(Saved entries)

------

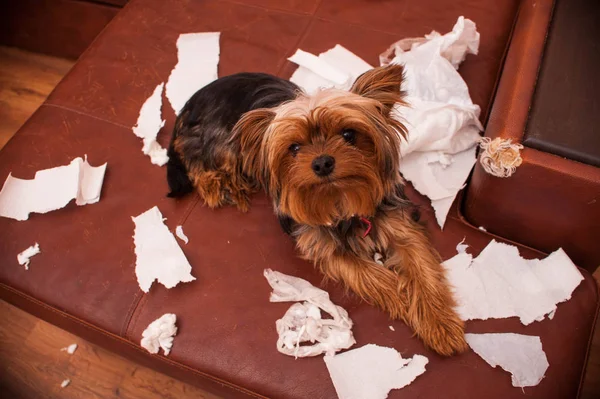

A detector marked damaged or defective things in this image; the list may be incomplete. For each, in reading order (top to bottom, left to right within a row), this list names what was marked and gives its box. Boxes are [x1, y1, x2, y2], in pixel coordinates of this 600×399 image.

torn tissue paper [165, 32, 219, 115]
torn tissue paper [288, 45, 372, 94]
torn tissue paper [132, 83, 168, 166]
torn tissue paper [288, 17, 482, 230]
torn tissue paper [0, 157, 106, 222]
torn tissue paper [16, 242, 39, 270]
torn tissue paper [141, 312, 178, 356]
torn tissue paper [132, 208, 196, 292]
torn tissue paper [264, 268, 356, 360]
torn tissue paper [326, 344, 428, 399]
torn tissue paper [468, 334, 548, 388]
torn tissue paper [442, 241, 584, 324]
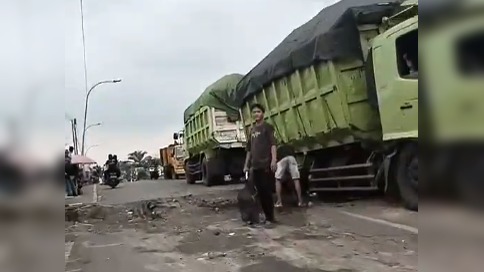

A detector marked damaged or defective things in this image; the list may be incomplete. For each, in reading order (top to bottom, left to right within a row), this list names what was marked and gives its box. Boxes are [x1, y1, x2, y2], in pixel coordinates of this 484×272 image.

damaged road surface [64, 181, 418, 272]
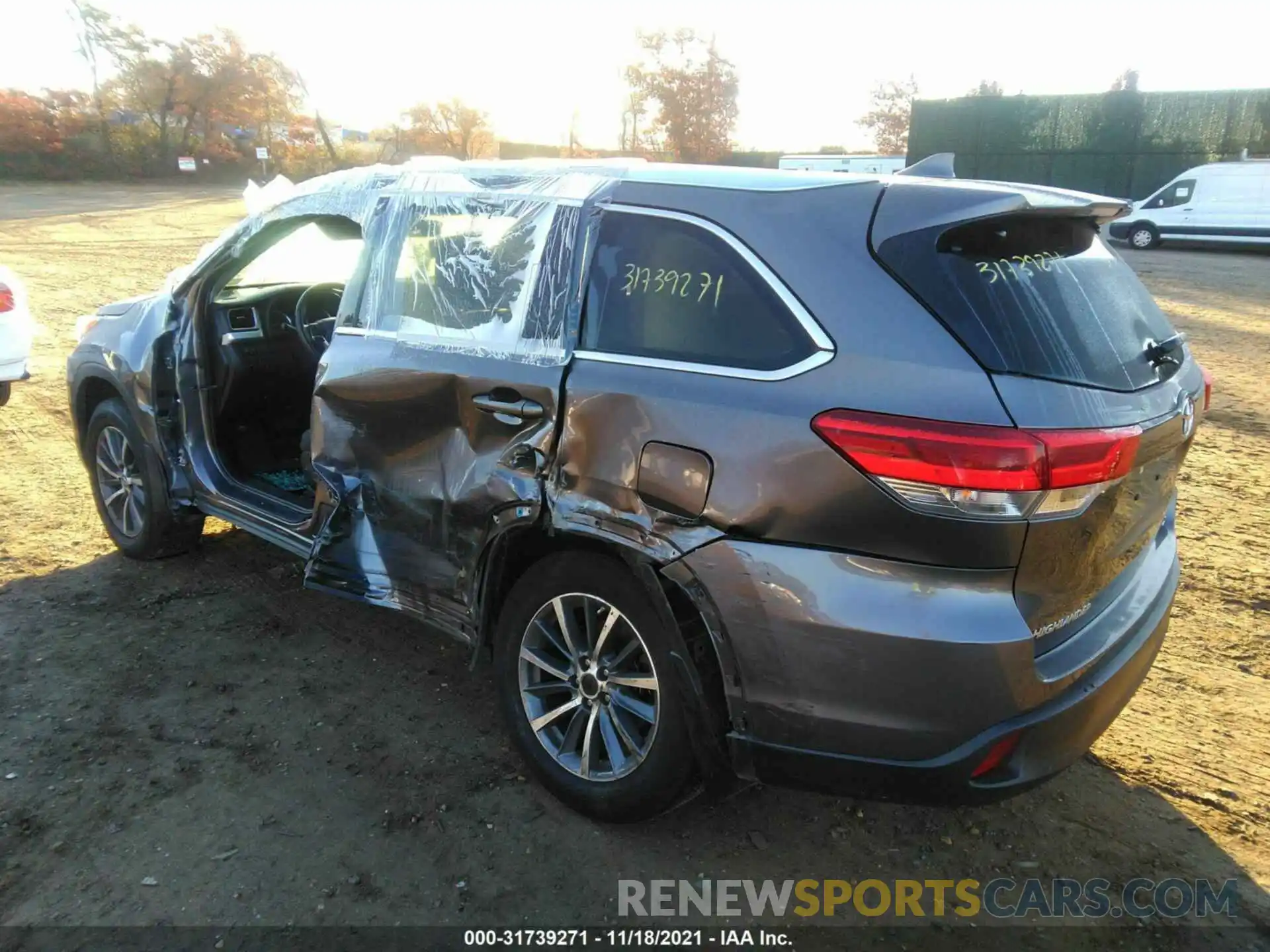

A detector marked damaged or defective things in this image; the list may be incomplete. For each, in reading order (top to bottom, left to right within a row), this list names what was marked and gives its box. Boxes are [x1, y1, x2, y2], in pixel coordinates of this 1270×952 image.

damaged gray suv [67, 159, 1208, 822]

------

_What you need to do_.
Return the entries above exactly, skipping any images.

_Response to the task_.
A detector marked damaged or defective things in this image; the list may be incomplete. For each, in reading order (top to bottom, left to right within a row), this list names what was marked and gives its box. Boxes are [x1, y1, x2, y2], in pixel coordinates of this 600×399 image.

torn tissue paper [165, 32, 219, 115]
torn tissue paper [288, 45, 372, 94]
torn tissue paper [132, 83, 168, 166]
torn tissue paper [288, 17, 482, 230]
torn tissue paper [0, 157, 106, 222]
torn tissue paper [16, 242, 39, 270]
torn tissue paper [141, 312, 178, 356]
torn tissue paper [132, 208, 196, 292]
torn tissue paper [264, 268, 356, 360]
torn tissue paper [326, 344, 428, 399]
torn tissue paper [468, 334, 548, 388]
torn tissue paper [442, 241, 584, 324]

A detector marked damaged or defective things in this image; the list may be incomplete. For each, in reading order (top to bottom, left to right within a row), this list names what was marked and gives its box. Boxes are [x1, y1, x2, y2], in pixel coordinates of this 484×272 image.

damaged road surface [64, 181, 418, 272]

A detector marked damaged or defective things in this image; the list may be incomplete. For each, in reading order (top to bottom, left to right within a row), this list names what was marked and gives its box. Boxes are [x1, y1, x2, y2], in pixel coordinates of this 1270×952 image.

damaged gray suv [67, 159, 1208, 822]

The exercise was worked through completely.